We boys were dismayed when Peter left the school to take his young family, a dog and a squirrel over to Canada in order to do research for a doctorate at McGill University in Montreal. His research on the behavior of eider ducks was sponsored by a Carnegie Arctic Research Scholarship and by the Arctic Institute of North America. Peter had worked with Konrad Lorenz and Niko Tinbergen, both Nobel laureates, and although he enjoyed teaching, he yearned to do more fieldwork and research himself.

When Peter left, I was so depressed that for a while I lost all interest in school studies and devoted myself more and more to judo, weight-training and just roaming around the countryside with a backpack and rudimentary camping gear. Then, out of the blue, a letter arrived from Peter inviting me to join him as his assistant on his first expedition to the Canadian Arctic.

In truth, Peter was really strict in the field, and at times quite cranky, so I was more of a slave than a research assistant. It was good for me, though, because every teenager needs discipline — me especially. He later wrote that he chose me because of my physical strength, tenacity . . . and wacky sense of humor.

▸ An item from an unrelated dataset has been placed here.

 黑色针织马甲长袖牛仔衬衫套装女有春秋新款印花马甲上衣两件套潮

In April 1958, three months before my 18th birthday, I sailed across the Atlantic on an Empress liner out of Liverpool. In Montreal I helped to prepare for the expedition, doing all kinds of odd jobs, selecting equipment, making special crates and so on. Sometimes, too, I'd end up baby-sitting Peter's young son Alastair, which I didn't mind at all because I was very fond of my own little brother, and Alastair was a delightful lad to be with. I never dreamt at the time that one day he would be a board member of the C. W. Nicol Afan Woodland Trust up here in the Kurohime hills of Nagano Prefecture.

That first expedition was to Ungava Bay in northern Quebec, in an area just above the tree line. It was a superb experience, but tough. Other than a monotonous daily diet of bannock (a thick Scottish bread made without yeast and fried in a pan) and tea, we lived mostly off the land, which meant fishing and hunting when possible, also picking berries, Boletus mushrooms and other edible wild plants (some of which were taught to us by passing Inuit hunters).

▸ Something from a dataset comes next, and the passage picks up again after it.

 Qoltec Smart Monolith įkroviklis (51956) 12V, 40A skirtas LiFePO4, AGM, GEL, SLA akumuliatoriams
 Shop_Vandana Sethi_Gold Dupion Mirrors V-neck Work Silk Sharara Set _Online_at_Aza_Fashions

There were plenty of ducks, but no matter how tempting they might look to a hungry man, Peter wouldn't allow a single one to be taken because he was studying live ones and didn't want his data shot.

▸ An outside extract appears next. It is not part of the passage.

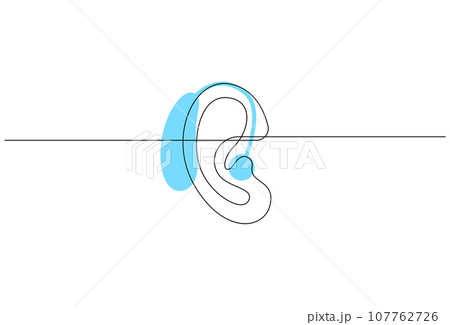Hearing aid in human ear continuous one line drawing. Hearing device minimal single line illustration. International week of the deaf vector. Hearing aid in human ear continuous one line drawing. Hearing device minimal single line illustration. International week of the deaf vector. 107762726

The tents proved to be too small, so we built a hut with a dry-stone wall, a fireplace and chimney, and a roof of tree trunks, turf and moss. As I said, we were above the tree line, so all the logs and poles had to be carried or dragged over the tundra or along the rocky shore. The rocks were mostly rounded, wave-washed lumps of miserable heaviness, and it took a lot of artistry on Peter's part to not only make them fit together but to stand up and stay in place.

As the snow melted and it got warmer, this heavy, sweaty manual labor had to be carried out while we were being tormented by swarms of mosquitoes in numbers unimaginable to anybody who has not lived on the tundra. Even so, I thought the hut was rather fine, but in Peter's own words, as he later wrote in his book "In Search of the Eider": "Not that I can claim any pretensions of architectural grandeur for our construction. But it stayed up eventually. And at least it blended with the environment. On the other hand it was, I must admit, somewhat primitive. It served — well, tolerated — us for a couple of months, and was still standing when we left. But I like to think that in years to come, some fervent tundra archaeologist will discover it and go into printed raptures about the architecturally primitive nature of the natives who once inhabited that part of Quebec-Labrador."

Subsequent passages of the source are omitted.